:: What the exercise asks ::
If an entry holds a picture, leave that picture out; copy everything else exactly.

------------------------

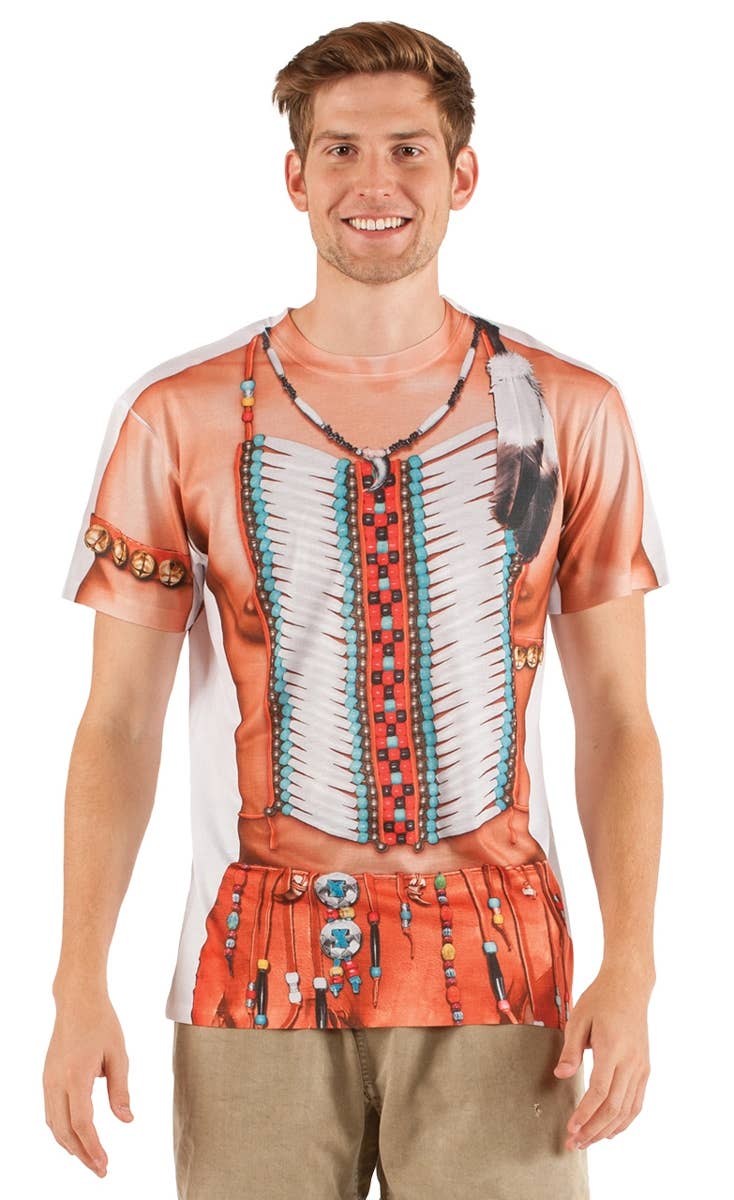 Men's Big Chief American Indian Printed Faux Real Costume Top Front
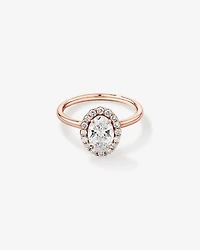 1.46 Carat TW Oval Cut Laboratory-Grown Diamond Halo Engagement Ring in 14kt Rose and White Gold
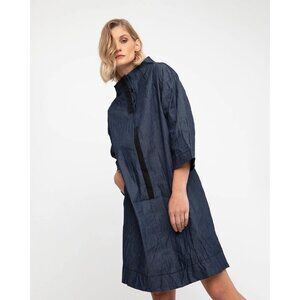 Alembika Ozai N Ku Avant Garde Denim Dress Funnel Collar Mod Style Pockets L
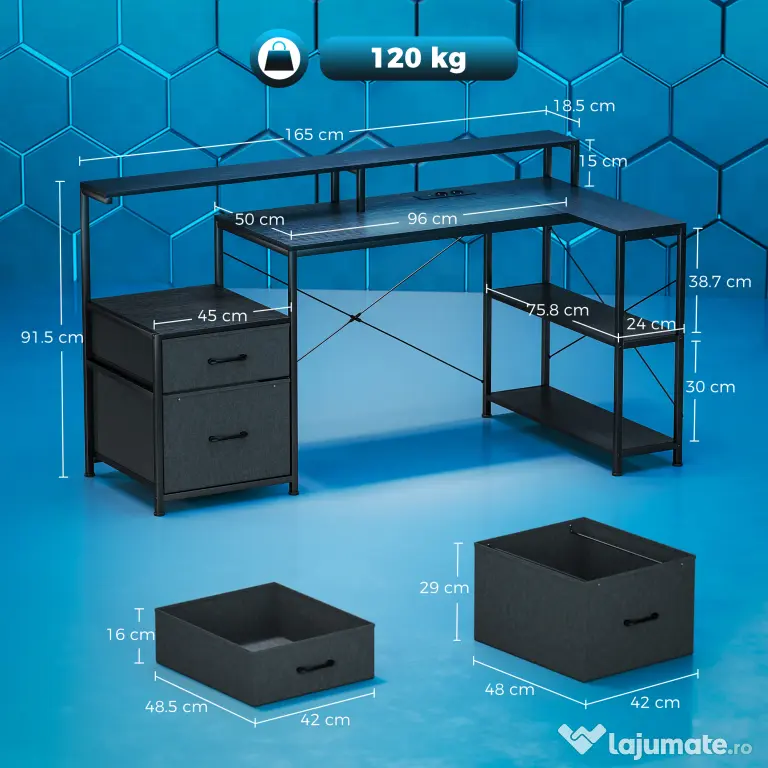 HOMCOM Birou Gaming în formă de L cu prize multiple, LED-uri, 165x80 cm, birou PC cu 2 sertare din material textil, 2 rafturi deschise, măsuță laterală și 2 suporturi monitor, din PAL și oțel, Negru | Aosom Romania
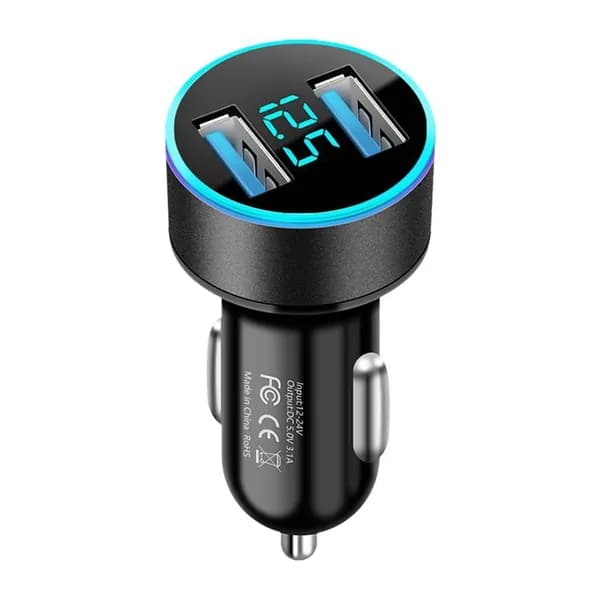 Автомобильный зарядчик с LED - подсветкой, 3.1A быстрый заряд, двойные USB - порты, подходит для разных моделей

------------------------

:: Answer box ::
 Men's Big Chief American Indian Printed Faux Real Costume Top Front
 1.46 Carat TW Oval Cut Laboratory-Grown Diamond Halo Engagement Ring in 14kt Rose and White Gold
 Alembika Ozai N Ku Avant Garde Denim Dress Funnel Collar Mod Style Pockets L
 HOMCOM Birou Gaming în formă de L cu prize multiple, LED-uri, 165x80 cm, birou PC cu 2 sertare din material textil, 2 rafturi deschise, măsuță laterală și 2 suporturi monitor, din PAL și oțel, Negru | Aosom Romania
 Автомобильный зарядчик с LED - подсветкой, 3.1A быстрый заряд, двойные USB - порты, подходит для разных моделей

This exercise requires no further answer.